Good morning! I am a math educator from California State University, Fullerton who teaches elementary, middle school, and high school future/current teachers of math and stats. My students and I are using your tool in all my classes. Many of them are new to CODAP and are enjoying how easy it is to start playing around with data. Some current teachers are already thinking about using CODAP with their own students. Thank you so much for creating this!
We had a question regarding the Plugin to the Microportal that accesses the decennial census and American Community Survey data, which is very cool. How does CODAP do the random sampling?
Any information on how CODAP pulls from these data sets (and the size of the actual data sets) would be most appreciated! Thank you!
Hi,
Thanks for this question! It has an interesting, if somewhat complicated, answer.
When the Census Bureau does a survey, whether it’s the decennial census or the more frequent American Community Survey (ACS), a “weight” gets assigned to each person. This number is the number of people in the actual population that this person represents. For a decennial census, this weight should be 1 since each person is just representing themselves, but it turns out that even for the decennial census adjustments need to be made.

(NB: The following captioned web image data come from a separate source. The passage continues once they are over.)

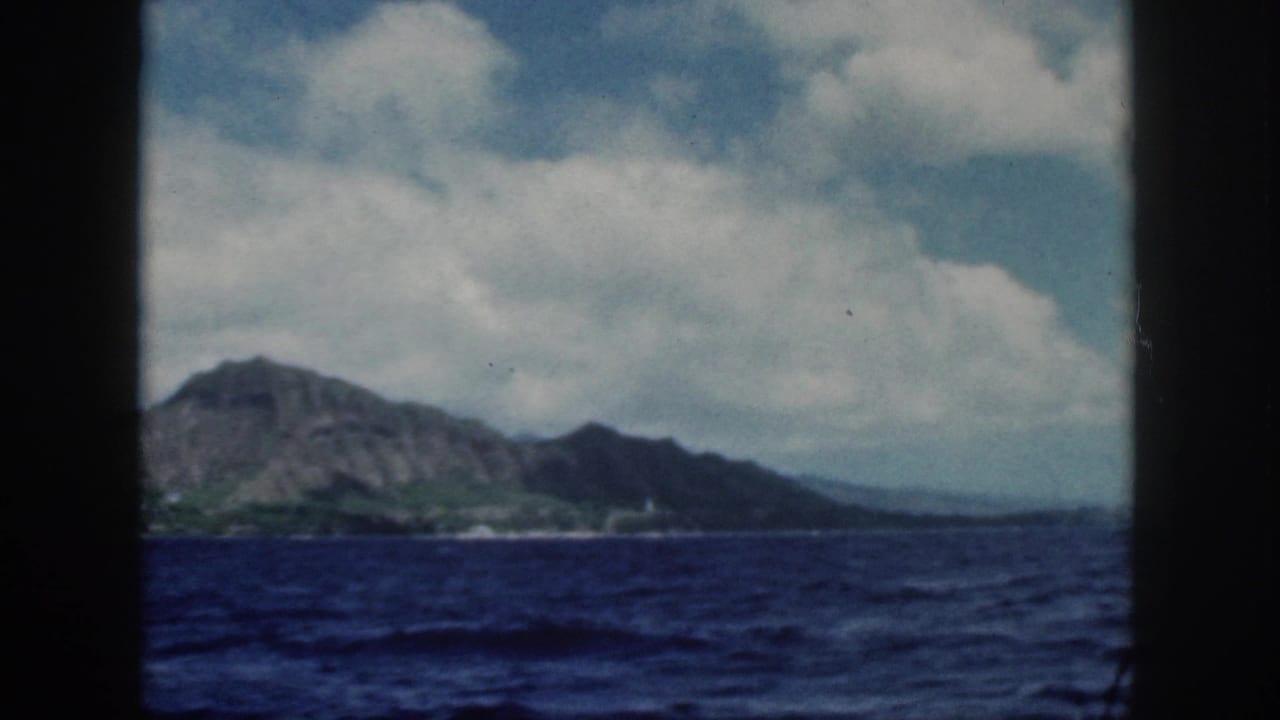 1959 8mm view from a boat toward Oahu's volcanic mountains and shoreline across deep blue ocean.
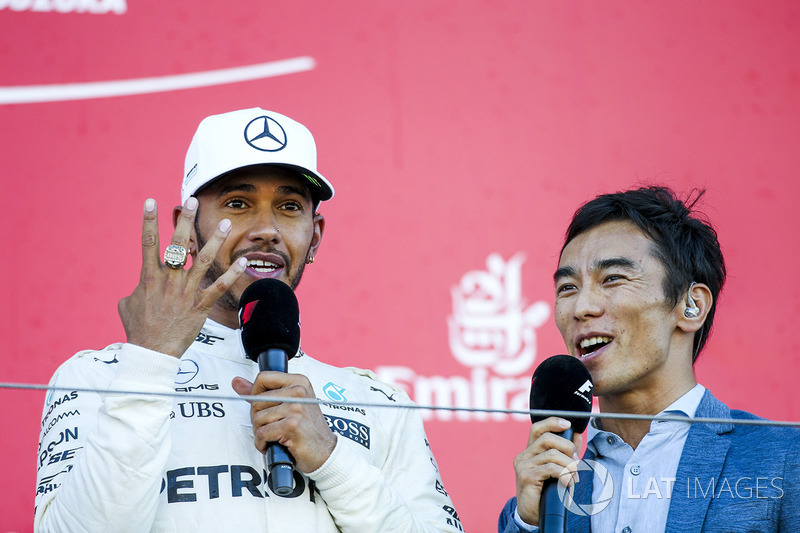 Race winner Lewis Hamilton, Mercedes AMG F1, tries on the Indy 500 winners ring belonging to interviewer Takuma Sato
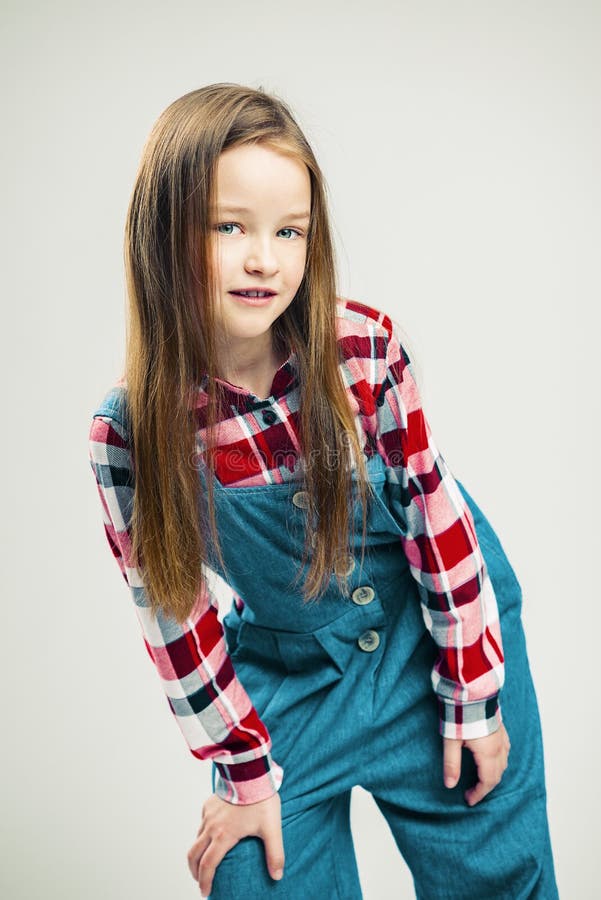 Portrait of a nice little girl. kid smiles. child model posing in the studio. fashion photography stock photos Portrait of a nice little girl. kid smiles. child model posing in the studio. fashion photography stock photos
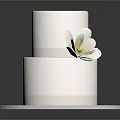 Two Tiered White Cake With White Flower Decoration On Silver Round Tray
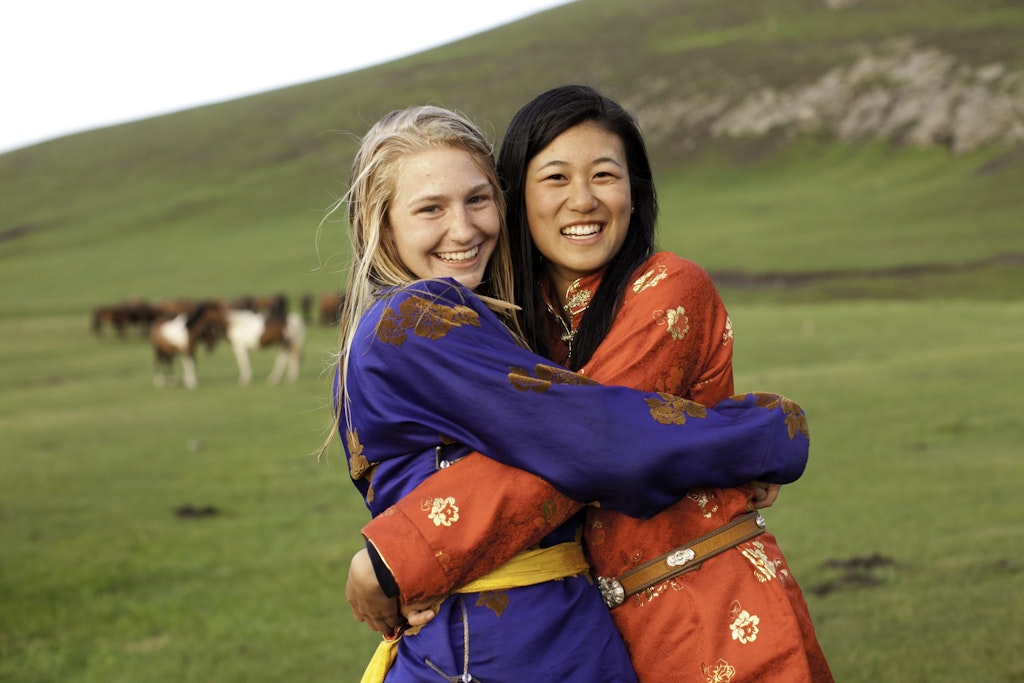 Two students embracing in traditional Mongolian attire during a Rustic Pathways volunteer abroad program, symbolizing friendship and the cultural benefits of volunteering abroad.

For the ACS, with its much smaller sample sizes and a frequent goal of being able to able specific questions about subpopulations, weights are quite varied within the sample. One person might stand in for 1,000 while another, as a member of a subpopulation for which detailed information is sought, might stand for only 100.
For students, actually for most people, weights add a layer of confusion. If you’re using more statistically sophisticated software than CODAP, you avoid the confusion by specifying the variable that represents weight, and the software does the rest. We didn’t want this black box capability for students working with census microdata obtained through our portal, so we worked out another solution which we validated with a statistician at IPUMS in Minneapolis.

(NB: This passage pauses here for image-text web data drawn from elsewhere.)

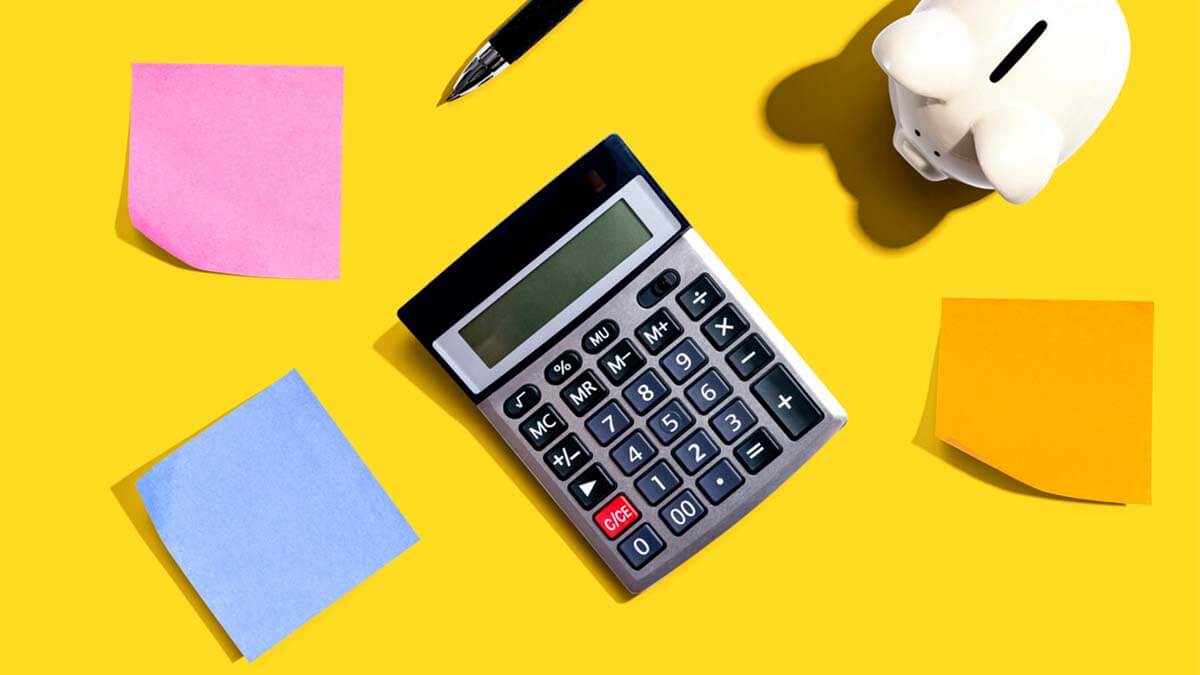 Calculator, post-it notes and piggy bank on a yellow background.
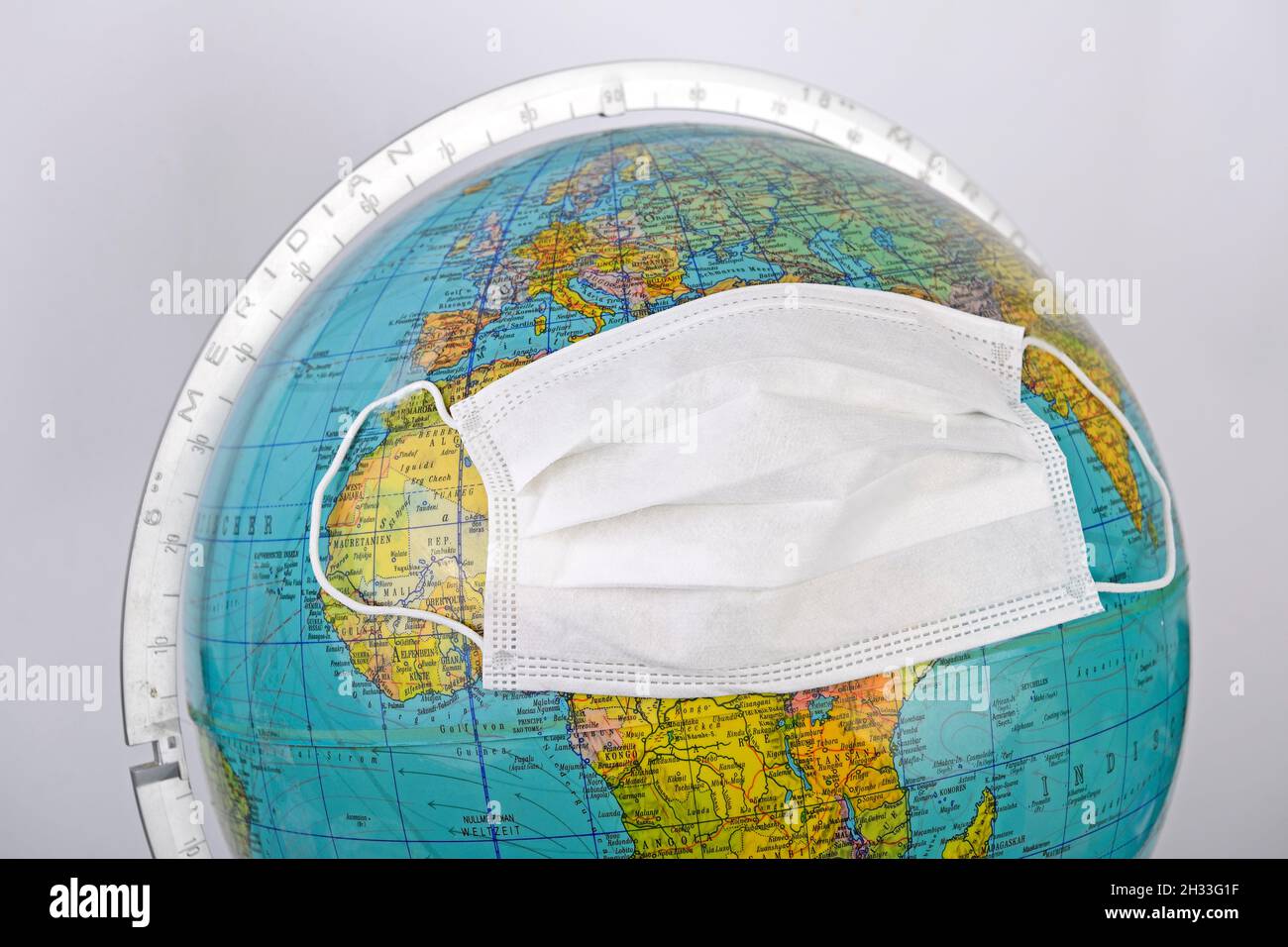 Globus mit OP Maske, Symbolbild Corona - Pandemie Banque D'Images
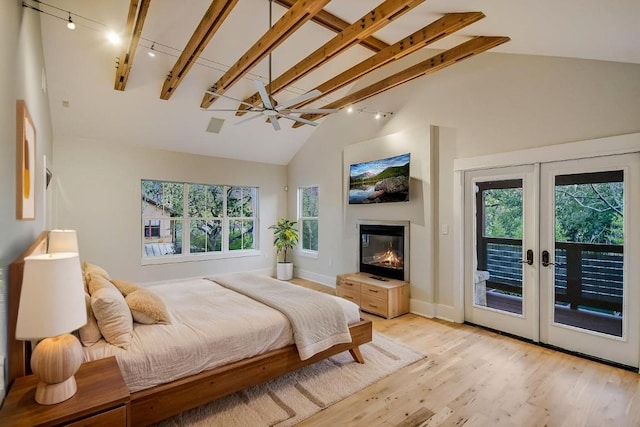 1701 Ravey St, Austin, TX 78704 - bedroom featuring track lighting, access to exterior, french doors, light wood finished floors, and high vaulted ceiling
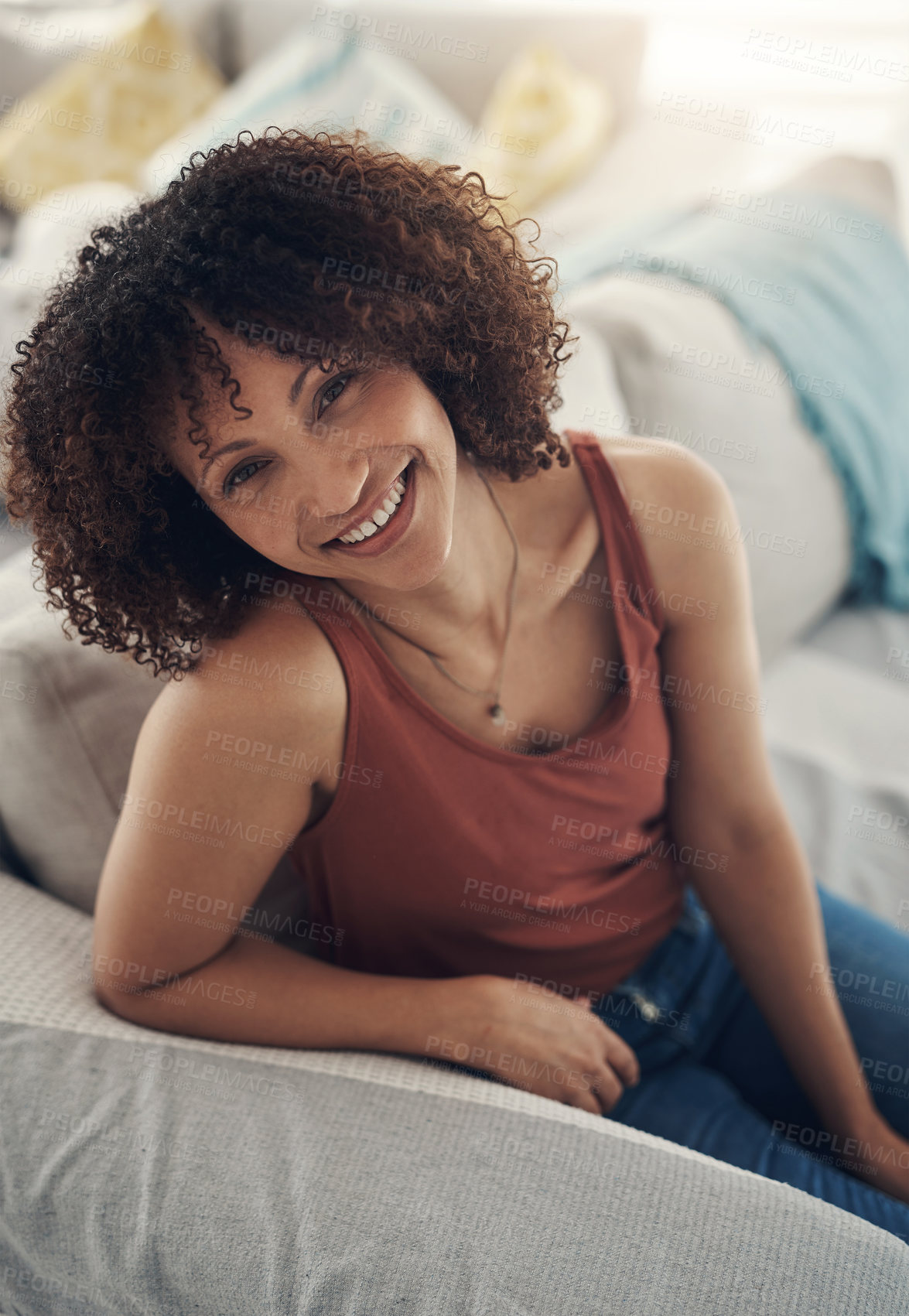 Buy stock photo Shot of an attractive young woman sitting alone on her sofa in the living room at home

Basically, we downloaded our samples from IPUMS, with each person having a weight and then modified the portal’s sampling process so that it is as if each person appears the number of times specified by their weight. So if a person’s weight is 1,000, it appears as if that 1,000 of that person are present. With this charade in place we can simulate simple random sampling for which each person in the population has equal probability of appearing in the sample.
We think that this is a good solution for our target audience of grades 5–14 because they already have plenty on their cognitive plates.

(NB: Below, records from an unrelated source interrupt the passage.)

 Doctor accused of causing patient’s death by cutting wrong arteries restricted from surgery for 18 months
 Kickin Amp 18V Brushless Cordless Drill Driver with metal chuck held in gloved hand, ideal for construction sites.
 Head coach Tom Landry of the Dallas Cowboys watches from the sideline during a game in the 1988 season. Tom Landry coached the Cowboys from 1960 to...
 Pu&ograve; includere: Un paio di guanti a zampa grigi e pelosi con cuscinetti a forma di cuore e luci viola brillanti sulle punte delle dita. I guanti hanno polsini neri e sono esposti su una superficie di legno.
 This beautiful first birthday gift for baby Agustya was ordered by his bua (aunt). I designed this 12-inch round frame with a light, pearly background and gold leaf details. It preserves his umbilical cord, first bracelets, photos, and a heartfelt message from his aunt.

There is a downside of course, which is that in a sample a given person may appear more than once. This is noticeable if the person is an outlier in some respect; e.g. has a very high income. It is more likely when sampling from states with lower populations.
Does this help? What has come of your conversations with your students about census and ACS sampling? Have you had to introduce the concept of stratified sampling that leads to an assigned weight for each person?
Bill